برچسب: Brutal

  • Blades of Fire review – brutal action RPG can’t get weird enough

    Blades of Fire review – brutal action RPG can’t get weird enough


    Verdict

    With its weapon-building systems and deliberate, targeted combat, Blades of Fire has a lot of fresh-feeling ideas. Its control scheme is strange and will force you to press each button with care. Its granular forging system makes you consider every weapon in your arsenal. But however differently it approaches them, the game only offers the same thrills as other action games of its ilk. Blades of Fire feels unique, but just can’t get weird enough.

    The creators of Blades of Fire have played a lot of videogames. Developer Mercurysteam has spent a decade-plus working on classic series like Castlevania and Metroid. As might befit that pedigree, its latest effort is a bone-deep rethinking of action RPG trends. From moment to moment, Blades of Fire plays unlike anything else. The God of War and Dark Souls influence is apparent, but the game also has subtler inspirations. The swinging positionality of The Legend of Zelda: Skyward Sword, for one, and the gonzo action and stilted earnestness of Dragon’s Dogma for another. In an era of perfunctory crafting systems, Blades of Fire’s crafting alters every swing of every sword. However, despite its relentless cleverness, it can’t help but feel mundane and overdrawn. It lacks the verve of the genre’s best because it is so focused on its influences, resulting in a game that can feel lifeless and self-conscious. Blades of Fire might be a weird original, but it’s never quite weird enough.

    On paper, Blades of Fire couldn’t be more typical. Protagonist Aran de Lira is a tough, gruff, and capable man. His family is dead. He lives alone on the edge of an oppressive kingdom, whose evil queen (also Aran’s childhood friend) turned all steel into stone, obliterating any challenge to her realm. When an old friend gives him one of the hammers that forged the world – allowing Aran to build an arsenal of steel weapons – he travels to end the queen’s reign once and for all, with the help of the puckish student Adso. For the most part, your adventure goes how you’d expect, with powerful foes to best, ancient mysteries to solve, and dank dungeons to explore.

    Blades of Fire protagonist Aran de Lira stands before a gigantic metal man, framed by two statues. In the foreground is a forge lit by flame.

    Blades of Fire’s first gimmick is its forging system.
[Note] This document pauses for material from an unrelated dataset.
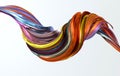 Colorfull dynamic abstract twisted shape. 3d render vawe, spiral. Computer generated geometric illustration
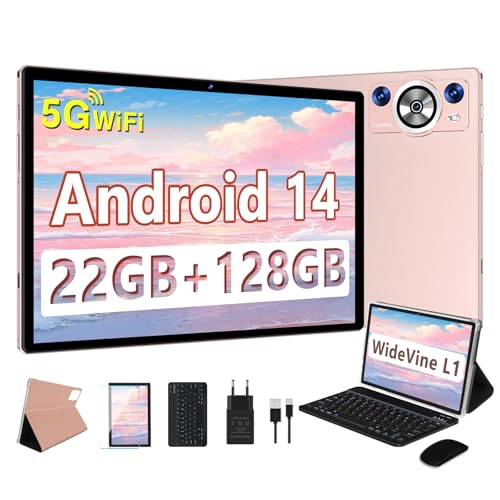 DEERTiME Newest Tablet 10 Pulgadas Android 14, 8-Core 2.0 GHz, 22GB RAM+128GB ROM, Widevine L1, 5G...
You make every weapon from relative scratch, customizing each aspect of its construction, like the form of a sword’s crossguard or the length of a spear’s staff. Enemies drop magical items that temper the steel and wood you use to construct your weapons, making them better at blocking damage, piercing armor, or enduring as many fights as possible. Each variable changes the weapon, some by a little and some by a lot. No single one is good at everything, so you’ll have to craft to suit individual encounters or specific enemies. Unlike some of its RPG inspirations, Blades of Fire has no stat-based builds. You might develop favorites, but you’ll inevitably have to use multiple weapon types to progress.

    As for combat, it features some novel ideas. While this is an action game at its heart, there are no real combos (though some attacks flow better together than others). Instead, you’ll pick the direction of your swings. Each weapon also bludgeons, pierces, or slashes foes, and these different damage types will be better (or worse) at hurting specific combatants. You can also swap between using a weapon’s blade or point. Slashes might help you better handle multiple swarming zombies, while stabbing could pierce a knight’s heavy armor. This system is the game’s biggest asset. The control scheme is unfamiliar enough that your muscle memory from other action RPGs is mostly useless. Enemy weaknesses and weak points also force you to pay attention and swap weapons, even in the heat of battle.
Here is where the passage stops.